Visión general
Paying homage to a definitive style of home frequently seen throughout parts of South Florida, including Overtown, Coconut Grove and beyond, architect and designer Germane Barnes activates MOCA’s Paradise Courtyard with a pared-down replica of a shotgun house. This installation serves as a site of play and exploration, transforming the building into a playscape that balances recreation with learning. Visitors can explore the history of these homes through VR-activated archives.
Shotgun houses, a common vernacular architecture style in the American South, are simple dwellings characterized by their narrow structure with rooms arranged a linear path from front to back. These homes, often found in higher concentrations in larger cities, were primarily constructed out of wood and located close to work sites. Today, many of these homes in the greater Miami area have been demolished and replaced by multifamily units and larger condominiums, changing the area’s historical fabric.
In Play-House, Barnes strips the building of its finishings and presents the raw lumber structure. This bare presentation acts as a metaphor for these homes, which are frequently disparaged as slums or markers of poverty. The installation highlights the reliance on the labor of Black bodies in Miami’s history. From the city’s construction to the operation of hotels and entertainment spaces, Black workers were fundamental to the area’s development. They returned to these shotgun houses to live and grow their families.

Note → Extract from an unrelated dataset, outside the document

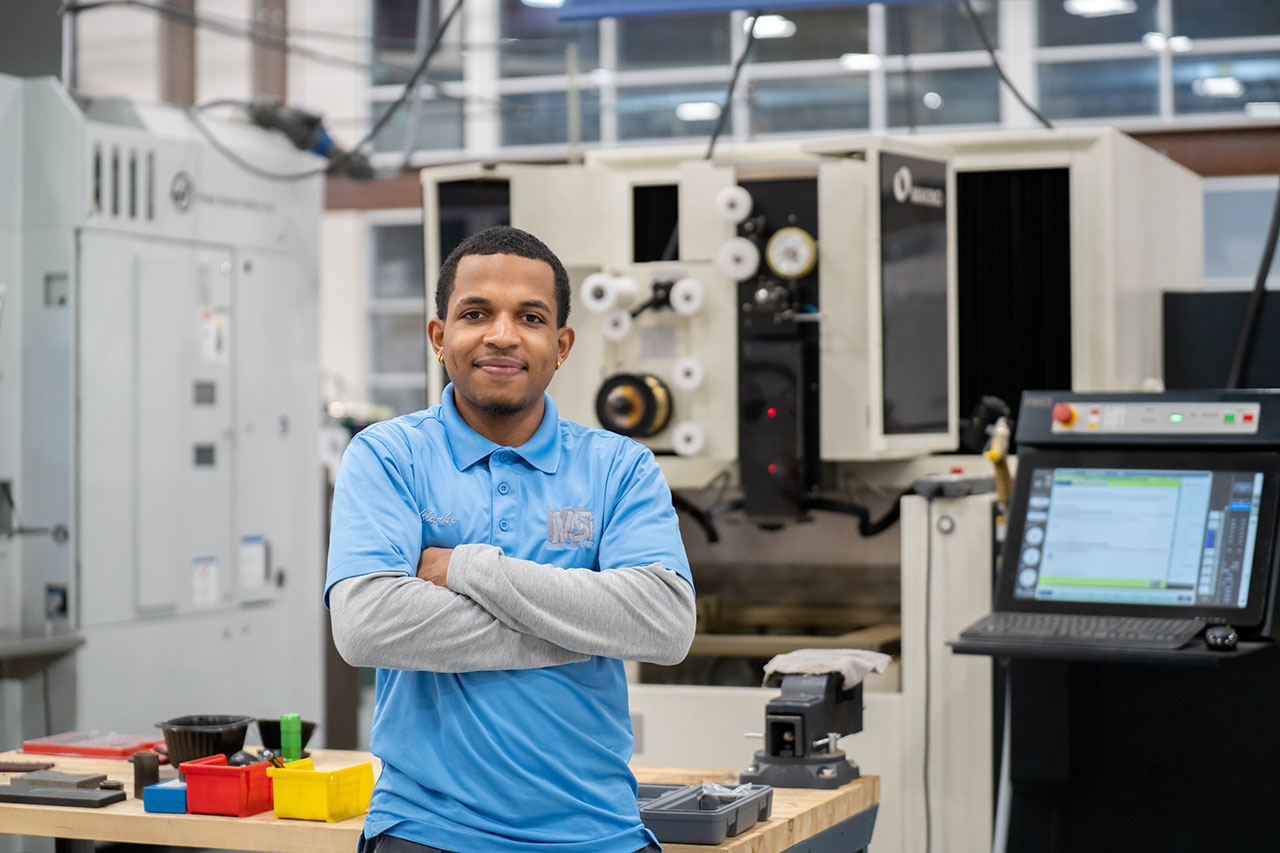 GTCC student Dylan Clark standing in a production center, looking at the camera smiling with his arms folded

By stripping down the dwelling to the studs, Play-House lays bare the story of this history. Activating images from turn-of-the-century newspaper articles and resources from the Black Archives, this work aims to solidify these spaces and stories in our collective memory.
About the Artist
Germane Barnes is a Chicago-born, Miami-based artist and architect whose award-winning research and design practice investigates the connection between architecture and identity. He examines architecture’s social and political agency, focusing on how the built environment influences Black domesticity. He believes strongly in design as a process, turning project constraints into opportunities, and views architecture as a source for transformation – materially, conceptually, and sociologically.
Currently, he is an Associate Professor and Director of The Community Housing & Identity Lab (CHIL) at the University of Miami School of Architecture. His work has been featured at The Museum of Modern Art NY, SF MoMA, MAS Context, The Graham Foundation, The New York Times, DesignMIAMI/Art Basel, Metropolis Magazine, Domus, and The National Museum of African American History, where he was noted as a future designer on the rise. Barnes holds a Bachelor of Science in Architecture from the University of Illinois at Urbana-Champaign and a Master of Architecture from Woodbury University.